European refineries increased their crude oil intake in June, but stocks of oil products, particularly diesel, slid, Euroilstock data showed on Tuesday.
"That tells you demand globally is a lot stronger than people thought it was going to be and that is having a net positive effect on heating and gasoline prices," said Scott Shelton, energy specialist at energy brokerage ICAP in Durham, North Carolina.
Benchmark Brent futures were up 84 cents, or 1.8 percent, at $47.72 a barrel by 12:15 p.m. EDT (1615 GMT), while U.S. West Texas Intermediate crude was up 82 cents, or 1.9 percent, at $45.22 per barrel.
U.S. heating oil futures were also up almost 2 percent at midday. This boosted the products crack spread <CL321-1=R> measure of refinery margins to the highest since late May.
The European inventory report came ahead of weekly data on U.S. crude inventories. The American Petroleum Institute (API) reports on Tuesday afternoon and the U.S. Energy Information Administration reports Wednesday morning.
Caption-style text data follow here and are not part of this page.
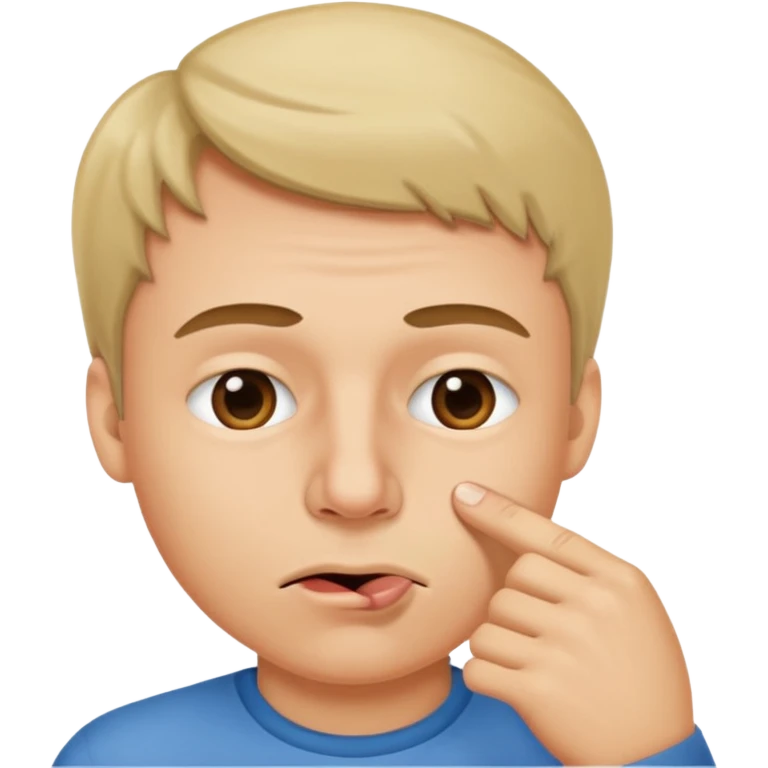 Create an emoji that is picking his nose make it a circle emoji  emoji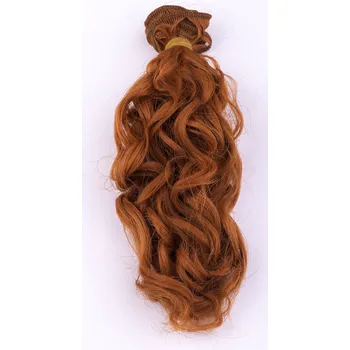Vlasy pro panenku kudrnaté 15cm - č. 15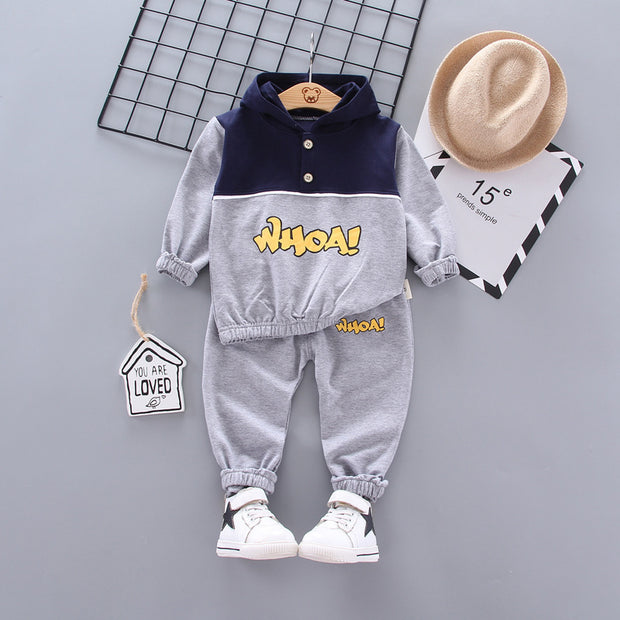 Children's Sweater Set Sports Autumn Clothes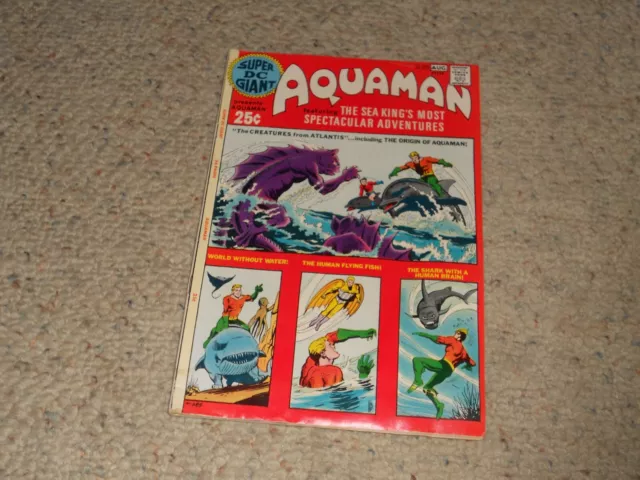 1971 Aquaman Giant DC Comic Book S-26 - CREATURES FROM ATLANTIS - Nice Copy!!!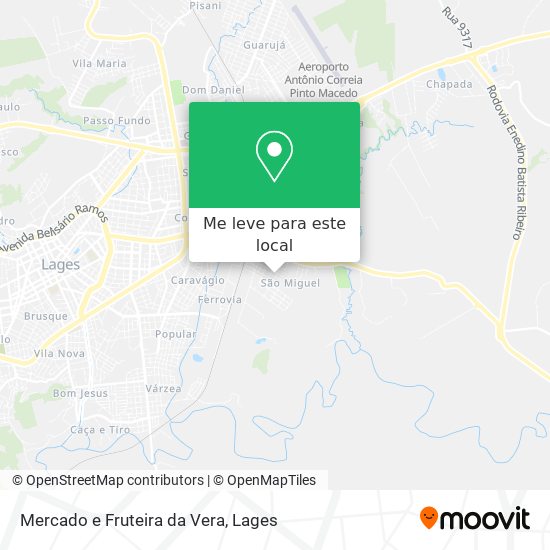 Mercado e Fruteira da Vera mapa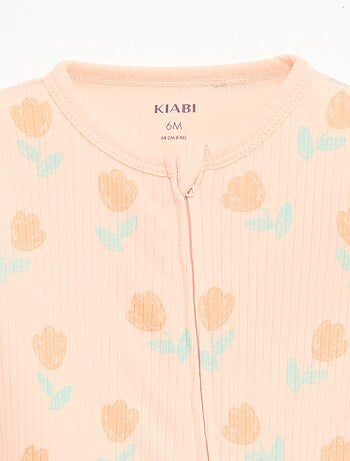 Dors bien zippé léger manches courtes all-over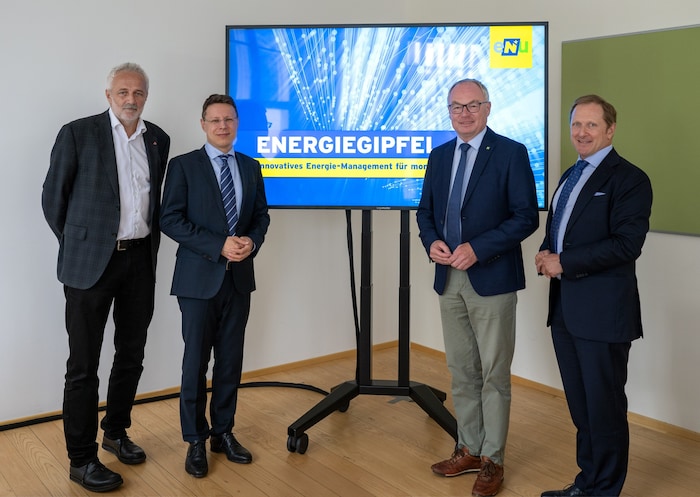 Berieten in Krems die Energie-Zukunft: Angerer, Vatto, Pernkopf und Haber (v. li.))  
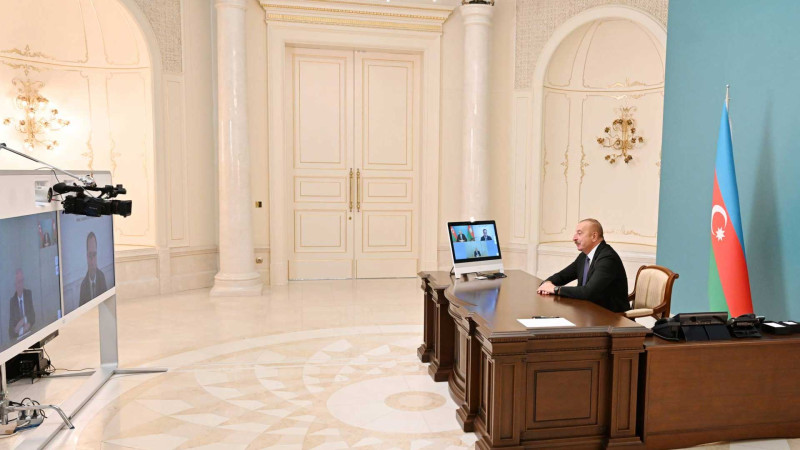 İlham Əliyev İsrailin kənd təsərrüfatı və kənd yerlərinin inkişafı nazirini qəbul edib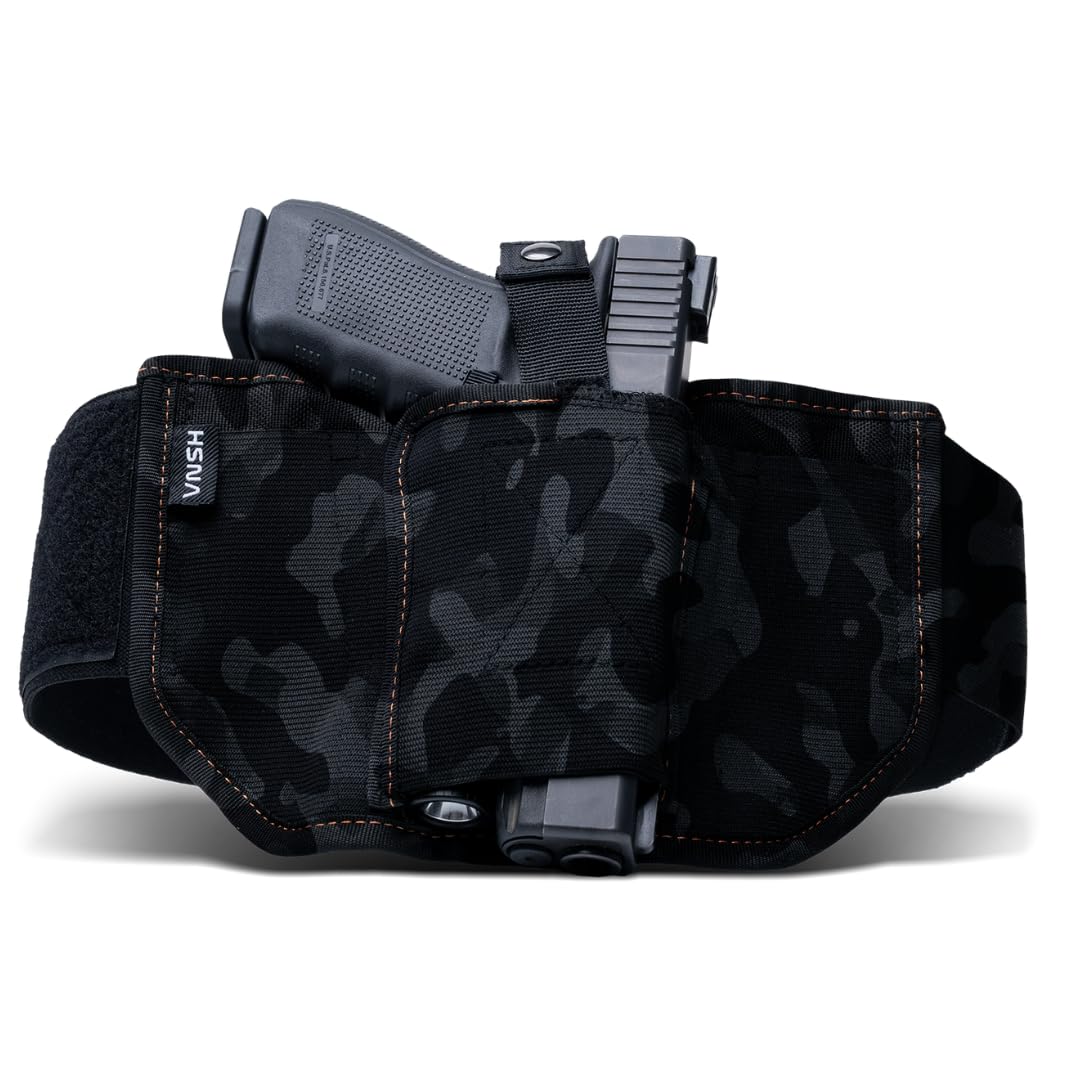 VNSH Belly Band Holster – Comfortable, Secure & Discreet | Concealed Carry Fit for 99% of Handguns with Built-in Mag Pouches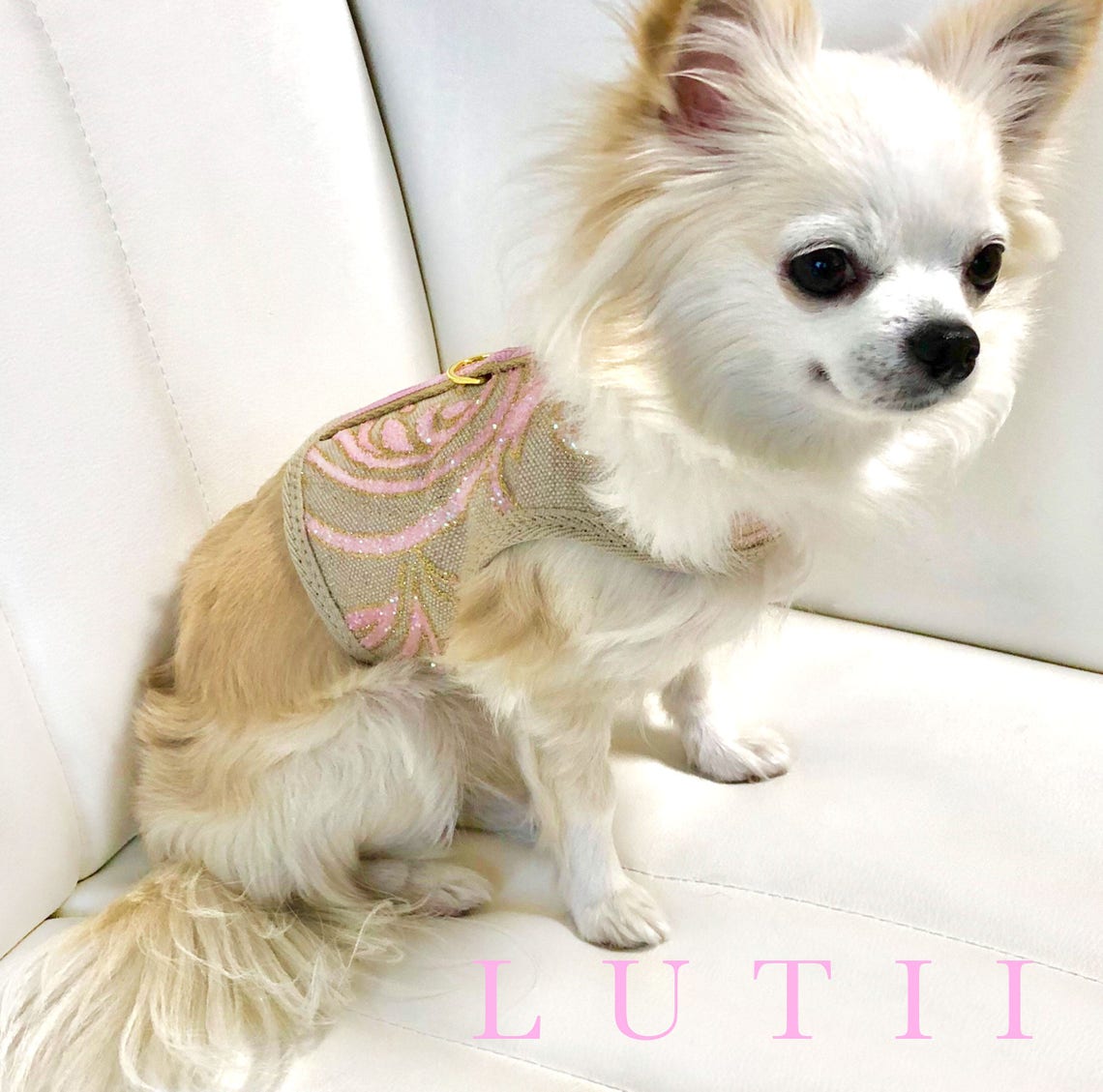 Dog Harness Pink Vest Harness Small Dog Harness Yorkie Tiny Etsy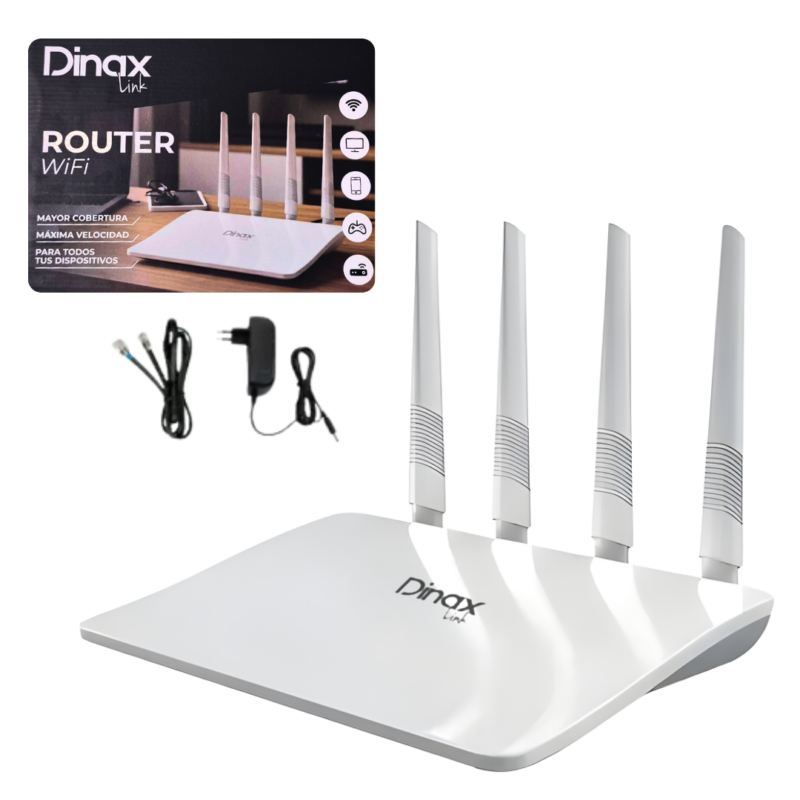 Router WiFi 4 Antenas 300Mbps DINAX ROU1040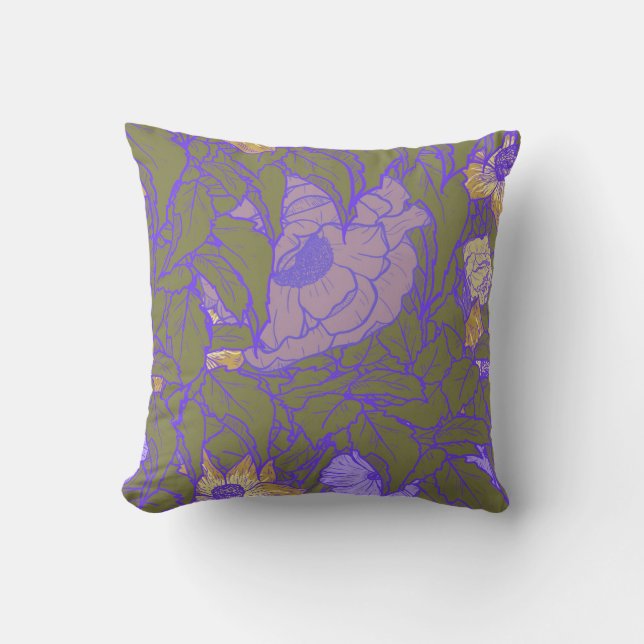 Explore a Variety of Trendy and Stylish  Throw Pillow (Front)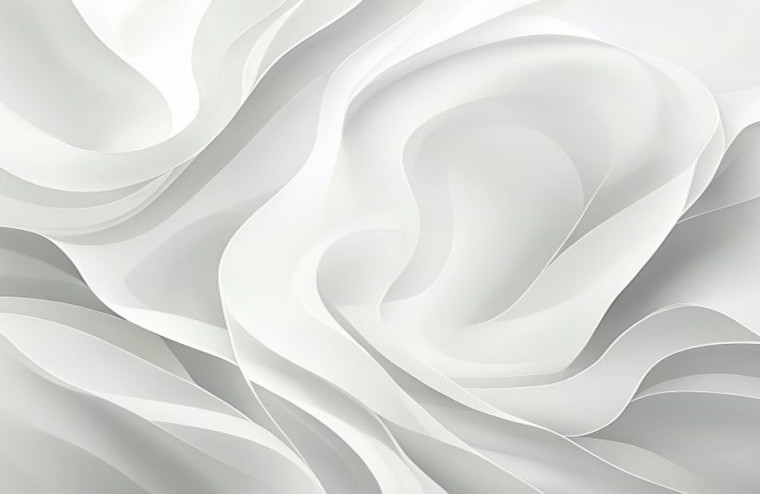 White Abstract AI Wallpaper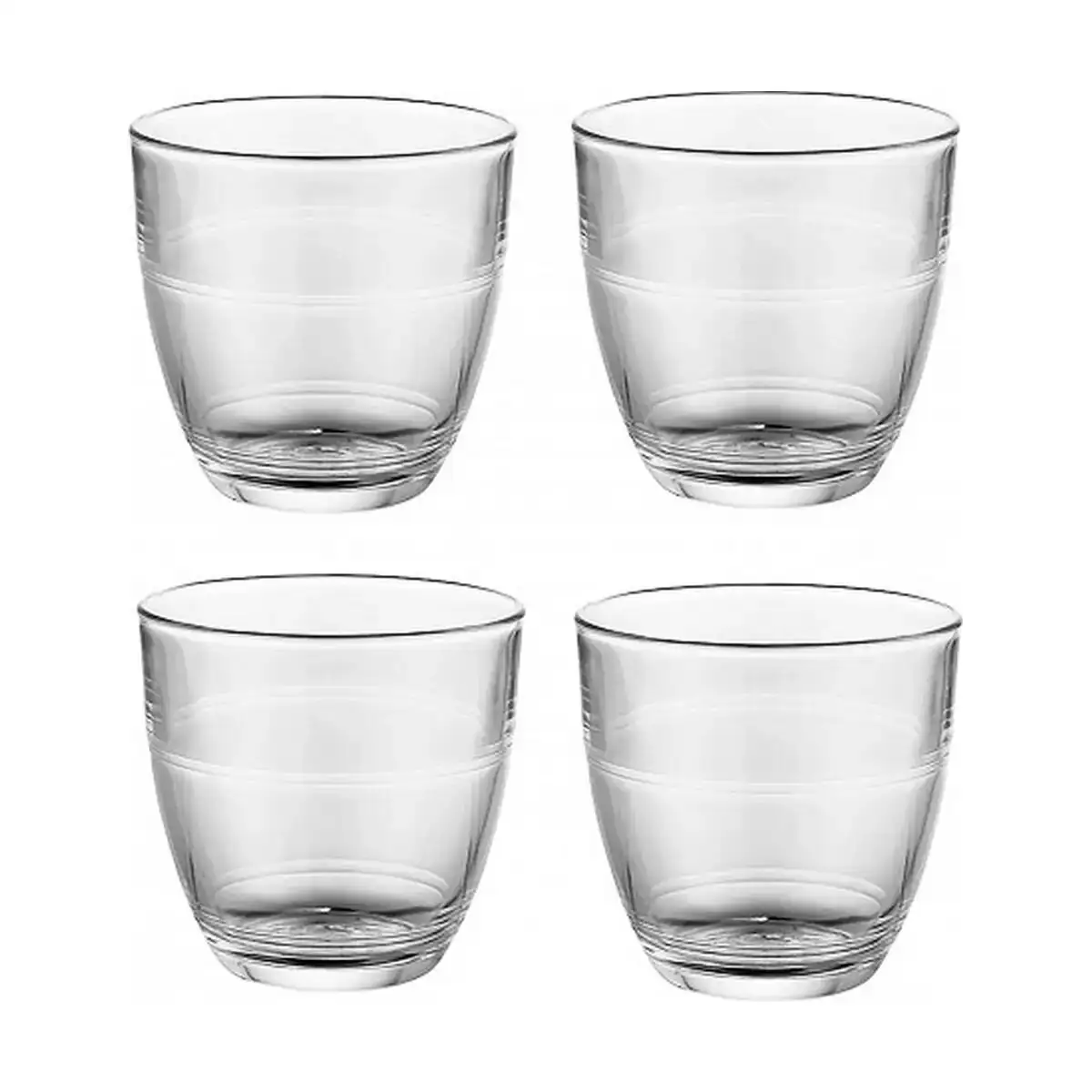 Set de verres duralex gigogne 160 ml 4 unites _6848. DIAYTAR COTE D'IVOIRE - L'Art de Vivre en Couleurs. Découvrez notre boutique en ligne et trouvez des produits qui ajoutent une palette vibrante à votre quotidien.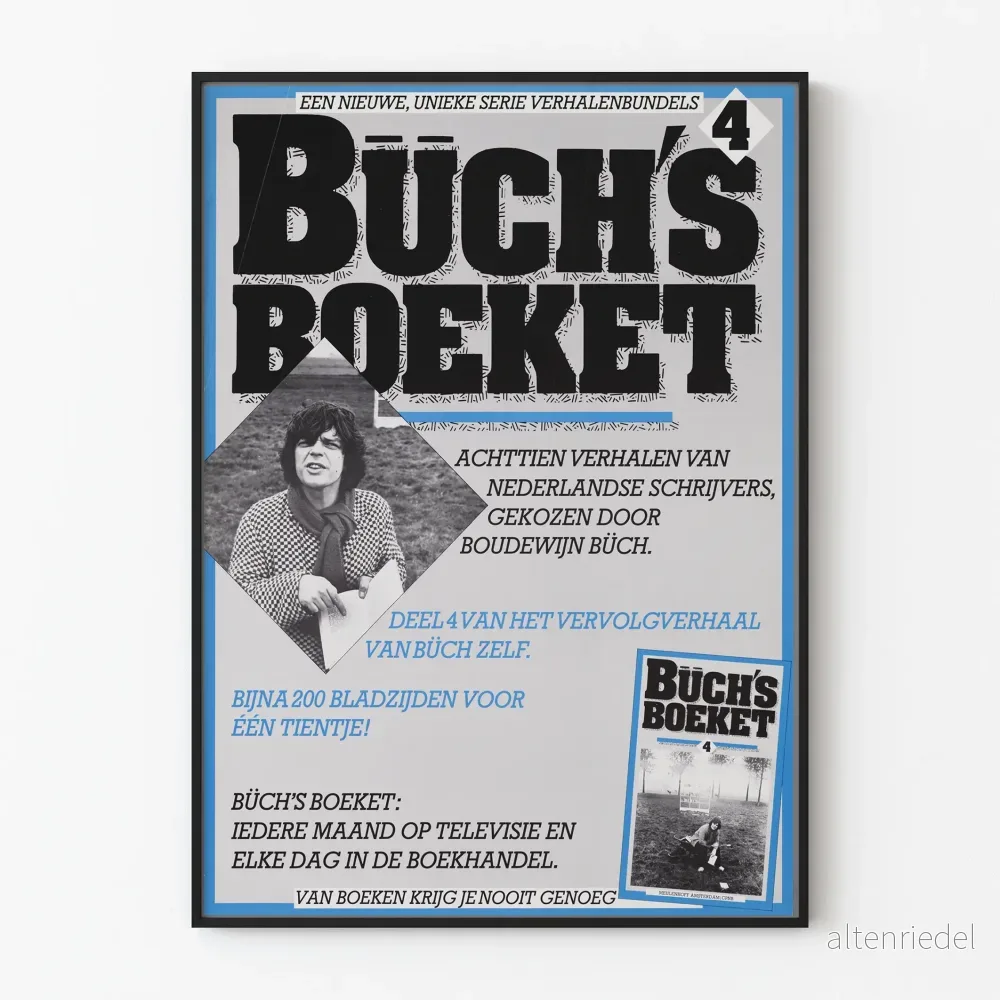 Vintageposter Buch's Boeket - Nederländsk litterär samling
Analysts polled by Reuters forecast that U.S. crude inventories fell 3.2 million barrels while gasoline and distillate stocks each rose by 1.5 million barrels.
Crude prices had slipped in earlier trade, pressured by bank forecasts for declines this year and in 2018.
BNP Paribas slashed its forecasts for Brent by $9 to $51 a barrel for 2017 and by $15 to $48 for 2018. Barclays cut its 2017 and 2018 Brent forecasts to $52 a barrel for both years from $55 for 2017 and $57 for 2018.
Crude prices remain about 17 percent below 2017 opening levels despite a deal led by the Organization of the Petroleum Exporting Countries to cut production from January.
OPEC agreed with Russia and some other major exporters to cut output about 1.8 million barrels per day (bpd) until March 2018. But production elsewhere has risen as OPEC has held back.
U.S. oil production <C-OUT-T-EIA> has jumped more than 10 percent over the last year to 9.34 million bpd. Nigeria and Libya, OPEC members exempt from production limits, have also increased output.
Without a significant fall in oil inventories or a decline in U.S. drilling and production, Goldman Sachs said U.S. crude could drop below $40 per barrel.